Seule une victoire aux législatives pourraient donc les libérer de la prison. Drôle de justice qui nous gratifie d’autres cas aussi scandaleux. Le sénateur Andriamandavy VII n’est pas et se fait même nommer ministre après avoir saccagé le portail du Bianco lors de l’affaire Claudine Razaimamonjy. Le flagrant délit était beaucoup plus visible que le détournement du sénateur Berthin Randrianiaina mais ce dernier est à Antanimora sans que le bureau du Sénat ait été consulté ni réagi. Et apparemment, le président Rivo Rakotovao ne veut pas bouger parce que le sieur Berthin,un fervent militant HVM, serait en train de retourner sa casaque pour rejoindre Andry Rajoelina. Drôle de justice !
Sa
A cause de l’immunité parlementaire, le parlement à Madagascar devient un véritable refuge pour malfaiteurs – Lagazette DGI du 9 mai 2019
L’immunité dont jouissent les parlementaires malgaches dans l’exercice de leurs mandats a toujours été au centre des débats. Si certains y voient un moyen de garantir l’indépendance des parlementaires pour un libre exercice de leurs fonctions, pour d’autres cela ouvre la voie à de nombreux abus.
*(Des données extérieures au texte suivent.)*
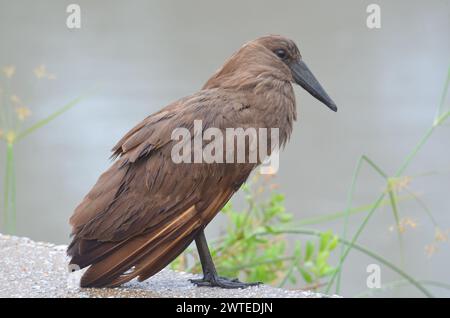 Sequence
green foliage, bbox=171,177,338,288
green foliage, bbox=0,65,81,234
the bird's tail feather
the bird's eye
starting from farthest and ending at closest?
green foliage, bbox=171,177,338,288
green foliage, bbox=0,65,81,234
the bird's eye
the bird's tail feather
En effet, il n’est pas rare dans le passé que le nom de certains députés ou sénateurs malgaches soient cités dans des affaires de corruption, d’abus d’autorité, voire même de trafic illicite de richesses naturelles. Les juridictions malgaches se trouvant très souvent bloquées dans leurs poursuites par l’immunité dont jouissent ces parlementaires. La demande d’une main levée de l’immunité parlementaire étant aussi très difficile faisant une fois de plus profiter une véritable impunité à ces parlementaires. Nos parlementaires sont bien conscients des avantages qu’ils bénéficient en jouissant de cette immunité. Apparemment, certains n’hésitent pas à commettre des infractions sans plus se soucier d’une éventuelle poursuite.
On craint que ce ne soit pas encore le cas cette fois-ci. De nombreuses têtes de candidats à la prochaine députation ne sont plus étrangères dans le monde politique malgache. On craint ainsi que l’assemblée nationale et le Sénat ne deviennent un véritable refuge pour des malfaiteurs. Selon une partie de l’opinion publique, cette situation vient s’ajouter au fait que nos parlementaires bénéficient des indemnités et divers avantages faramineux sont les seules raisons qui motivent les candidats. Inversement, les principales fonctions parlementaires comme la représentation de la population semblent tout simplement ignorée. On devrait donc penser à revoir nos textes sur la fonction parlementaire pour l’adapter aux véritables attentes du pays. Mais aussi et surtout pour écarter les opportunistes qui ne cherchent qu’à s’enrichir et abusent de ces immunités.
Ranaivo
A Madagascar,L’ex-député de Mahabo fait la campagne pour sa réélection de sa cellule – La vérite du 9 mai 2019
Selon les informations, Ludovic Adrien RAveloson reste en contact permanent avec l’extérieur via le téléphone mobile.Informé de ce fait, le procureur de MOrondava a requis à la direction régionale de l’administration pénitentiaire de fournir des explications. Il s’est avéré que le détenu se sert des téléphones des agents pénitentiaires contre argent sonnant et trébuchant pour pouvoir entrer en contact régulier avec son équipe sur le terrain.